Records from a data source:
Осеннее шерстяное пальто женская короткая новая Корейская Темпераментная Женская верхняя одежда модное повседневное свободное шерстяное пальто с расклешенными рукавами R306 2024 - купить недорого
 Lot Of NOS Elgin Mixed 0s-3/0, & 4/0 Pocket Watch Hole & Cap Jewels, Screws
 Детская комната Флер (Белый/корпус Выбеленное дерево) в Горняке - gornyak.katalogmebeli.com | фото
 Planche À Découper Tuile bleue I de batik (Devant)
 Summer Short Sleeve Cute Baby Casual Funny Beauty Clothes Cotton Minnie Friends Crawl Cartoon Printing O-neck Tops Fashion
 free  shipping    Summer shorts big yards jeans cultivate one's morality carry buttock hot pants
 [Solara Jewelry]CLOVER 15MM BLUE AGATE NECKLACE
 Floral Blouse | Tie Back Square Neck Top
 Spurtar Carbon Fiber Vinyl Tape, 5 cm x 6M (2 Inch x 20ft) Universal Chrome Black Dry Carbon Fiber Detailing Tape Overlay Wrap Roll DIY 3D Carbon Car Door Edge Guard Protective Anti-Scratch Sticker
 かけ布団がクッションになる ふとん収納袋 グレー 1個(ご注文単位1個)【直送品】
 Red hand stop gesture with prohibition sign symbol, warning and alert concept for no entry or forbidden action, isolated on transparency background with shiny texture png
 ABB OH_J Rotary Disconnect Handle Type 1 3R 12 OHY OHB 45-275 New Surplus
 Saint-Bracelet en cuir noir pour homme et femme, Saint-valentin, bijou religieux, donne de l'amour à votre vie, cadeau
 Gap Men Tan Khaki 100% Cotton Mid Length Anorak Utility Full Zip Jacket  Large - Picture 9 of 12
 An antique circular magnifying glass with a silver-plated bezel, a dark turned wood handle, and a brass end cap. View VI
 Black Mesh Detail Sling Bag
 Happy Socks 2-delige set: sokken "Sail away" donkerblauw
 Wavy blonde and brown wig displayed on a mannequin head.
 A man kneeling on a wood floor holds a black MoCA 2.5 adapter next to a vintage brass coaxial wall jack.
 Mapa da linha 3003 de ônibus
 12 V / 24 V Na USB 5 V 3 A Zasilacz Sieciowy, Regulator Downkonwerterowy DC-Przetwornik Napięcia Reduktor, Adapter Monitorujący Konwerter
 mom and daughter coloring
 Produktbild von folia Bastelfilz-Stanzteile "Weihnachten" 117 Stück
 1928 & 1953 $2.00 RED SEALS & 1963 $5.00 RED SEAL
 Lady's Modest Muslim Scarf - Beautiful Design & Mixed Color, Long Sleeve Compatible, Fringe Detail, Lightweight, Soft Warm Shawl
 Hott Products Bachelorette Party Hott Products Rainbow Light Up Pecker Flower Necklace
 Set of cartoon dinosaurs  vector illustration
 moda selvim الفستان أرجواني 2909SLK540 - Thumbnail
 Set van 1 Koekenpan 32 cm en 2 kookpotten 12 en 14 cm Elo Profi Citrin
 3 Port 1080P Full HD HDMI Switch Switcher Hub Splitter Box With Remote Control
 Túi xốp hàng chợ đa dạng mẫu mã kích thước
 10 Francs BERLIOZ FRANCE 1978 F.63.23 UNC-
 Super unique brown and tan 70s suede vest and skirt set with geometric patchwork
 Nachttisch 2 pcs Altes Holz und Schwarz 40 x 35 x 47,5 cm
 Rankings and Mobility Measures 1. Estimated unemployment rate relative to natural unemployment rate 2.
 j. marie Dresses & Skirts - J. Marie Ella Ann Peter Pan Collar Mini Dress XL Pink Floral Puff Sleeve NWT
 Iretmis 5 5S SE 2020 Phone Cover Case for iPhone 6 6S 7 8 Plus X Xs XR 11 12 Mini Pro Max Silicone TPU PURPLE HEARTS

**WHAT TO PRODUCE**: Return every line of the preceding records in which the word "Summer" appears.

**YOUR SOLUTION**:
 Summer Short Sleeve Cute Baby Casual Funny Beauty Clothes Cotton Minnie Friends Crawl Cartoon Printing O-neck Tops Fashion
 free  shipping    Summer shorts big yards jeans cultivate one's morality carry buttock hot pants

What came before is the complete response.